Clement Pulaski
Daily Stormer
July 10, 2013
A standard view of early America is that it represented an extension of English civilization on the new continent—the English language, customs, and laws shaped many aspects of the young republic. And while this is undoubtedly true, many early Americans thought of their nation as the latest stage of a racial and cultural movement that began long before the emergence of the English people. They were aware that their expansion into the savage wilderness of the West was part of a journey that had begun millennia ago when the original Aryans left their homeland. In his 1981 book Race and Manifest Destiny, Reginald Horsman notes the prominent 19th century belief that civilization and the Aryan race travel westward, following the sun:
the Americans were inspired to link their Anglo-Saxon past to its more distant Teutonic or Aryan roots. Even in colonial America the ancient idea of the westward movement of civilization had brought dreams of a great new empire on the North American continent, but as German philologists…wrote of tribes spreading westward from central Asia following the path of the sun, the Americans were able to see new meaning in their drive to the Pacific and Asia. They could and did conceive themselves as the most vital and energetic of those Aryan peoples who had spilled westward, “revitalized” the Roman Empire, spread throughout Europe to England, and crossed the Atlantic in their relentless westward drive.

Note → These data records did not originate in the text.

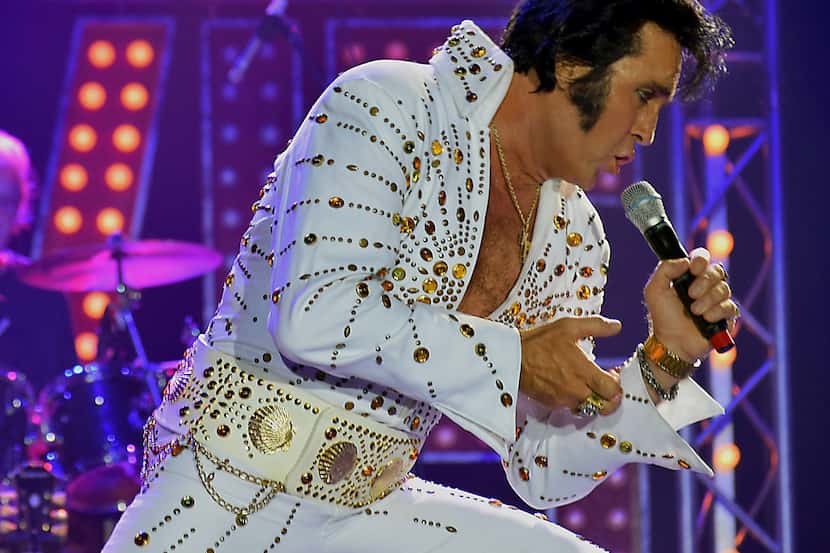 Elvis tribute artist Kraig Parker. 

Courtest Kraig Parker, via his publicity photo dropbox....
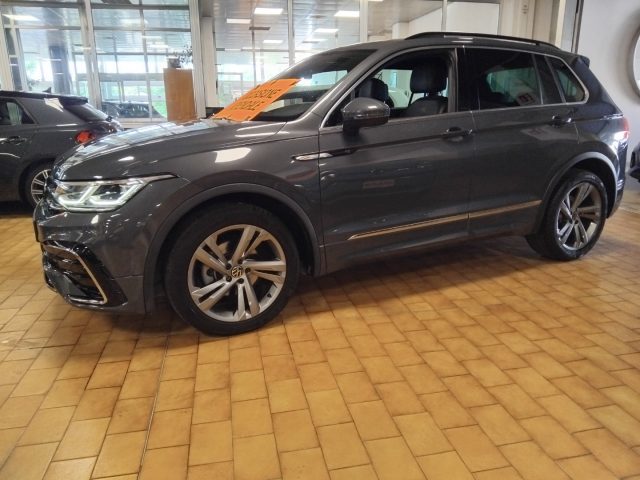 Volkswagen Tiguan 2.0 TDI 150 CV DSG R-Line 19" - foto 4 di 4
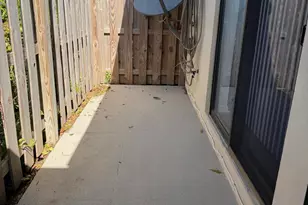 4413 Woodstock Dr, West Palm Beach, FL 33409 - Photo 17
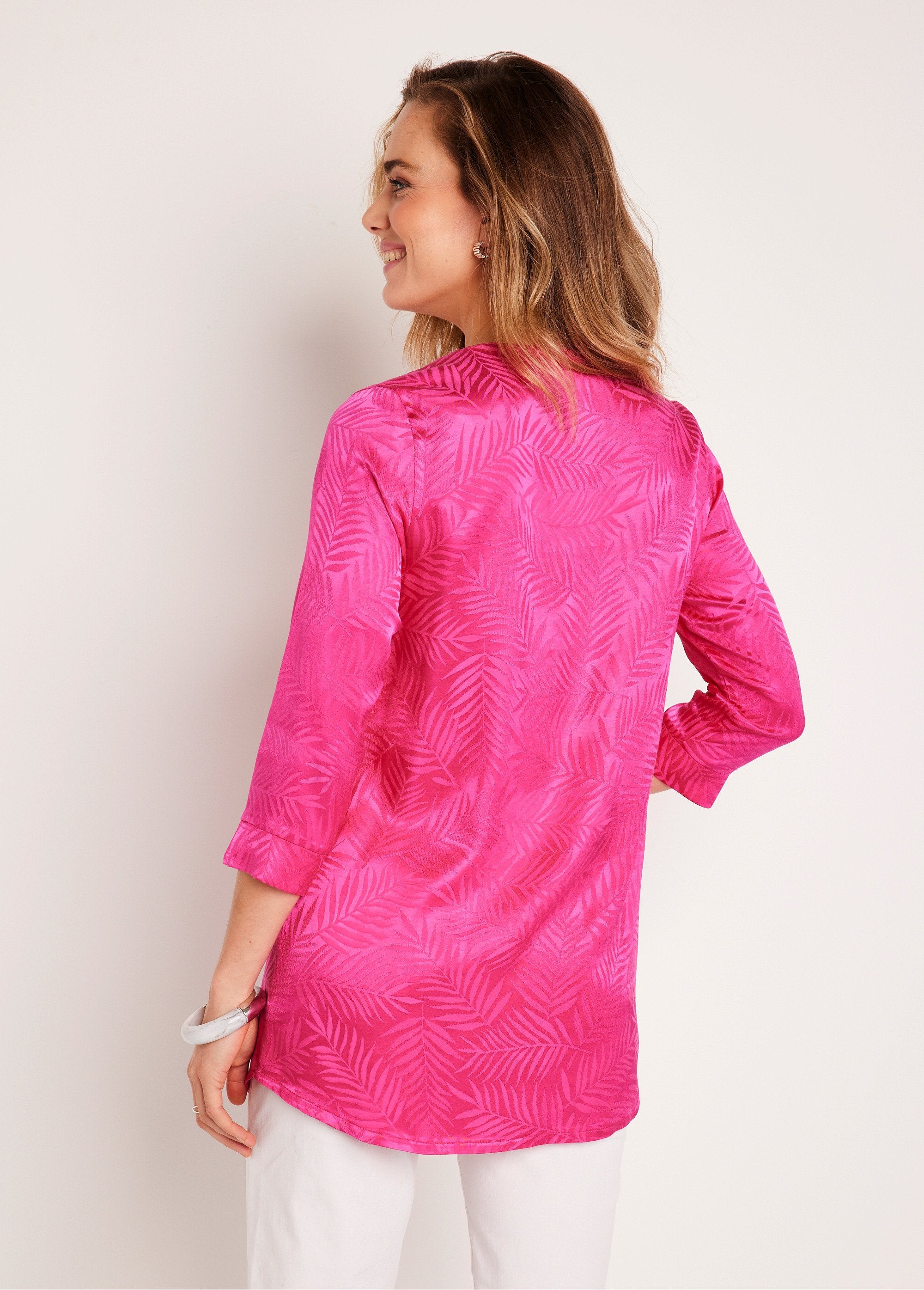 Long_V-neck_tunic_with_3/4_sleeves_Fuchsia_DO1_slim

Although this Aryan ideology did develop more fully in the United States during the 19th century, in the late 18th century Americans had already linked their Anglo-Saxon past to the ancient Germans of two-thousand years ago. The Founding Fathers viewed their political program largely as an attempt to return to the form of government practiced by their Anglo-Saxon and German ancestors, and they used the institutions of the German tribes described by the Roman historian Tacitus (56-117 AD) as one of their principle sources of inspiration. Describing the ancient Germans, Tacitus says:
They choose their kings by birth, their generals for merit. These kings have not unlimited or arbitrary power, and the generals do more by example than by authority. If they are energetic, if they are conspicuous, if they fight in the front, they lead because they are admired.
About minor matters the chiefs deliberate, about the more important the whole tribe. Yet even when the final decision rests with the people, the affair is always thoroughly discussed by the chiefs. They assemble, except in the case of a sudden emergency, on certain fixed days, either at new or at full moon…When the multitude think proper, they sit down armed. Silence is proclaimed by the priests, who have on these occasions the right of keeping order. Then the king or the chief, according to age, birth, distinction in war, or eloquence, is heard, more because he has influence to persuade than because he has power to command. If his sentiments displease them, they reject them with murmurs; if they are satisfied, they brandish their spears. The most complimentary form of assent is to express approbation with their spears.
Viewing the tyrannical institutions of feudalism as foreign to the native political forms of their race, the early Americans celebrated the return of their ancient liberties:
Has not every restitution of the ancient Saxon laws had happy effects? Is it not better now that we return at once into that happy system of our ancestors, the wisest and most perfect ever yet devised by the wit of man, as it stood before the 8th century?
-Thomas Jefferson
Thus the American pioneers who expanded Westward were not just a “vital and energetic” branch of the Aryan family, but were the only branch that had explicitly attempted a return to the political institutions of the ancient Aryan tribes. Following this political renewal came a furious conquest and expansion of Aryan civilization, and within a few short years the United States stretched to the Pacific coast, the very edge of the West.